Разруха - Владимир Зарев
Шрифт:
Интервал:
Закладка:
— В следующий понедельник приедет вторая фура с «Мальборо», — панибратски сообщил ливанец.
— Стомиллиметровые, в мягкой пачке, по леву тридцать за пачку? — спросил Краси, и даже доброжелательный его глаз потемнел от жадности.
— Стомиллиметровые, в мягкой пачке, по леву семьдесят, — ласково парировал Тони.

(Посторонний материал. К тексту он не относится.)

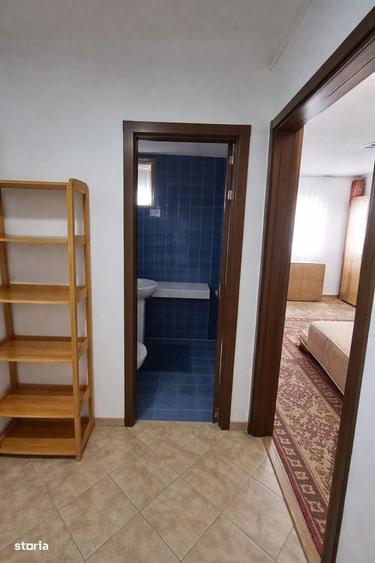 Apartament cu 3 camere în Tașca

— Ты меня без штанов оставишь, а у меня двое деток… По леву сорок.
— Где мое не пропадало!.. — вздохнул ливанец, сморщив лоб от мысленных подсчетов, — только для тебя: лев пятьдесят!
— Ты меня убил!
— А ты меня съел живьем!
Они обнялись, и к Бояну повернулся зловещий профиль Краси Дионова с голубым, казавшимся искусственным, глазом.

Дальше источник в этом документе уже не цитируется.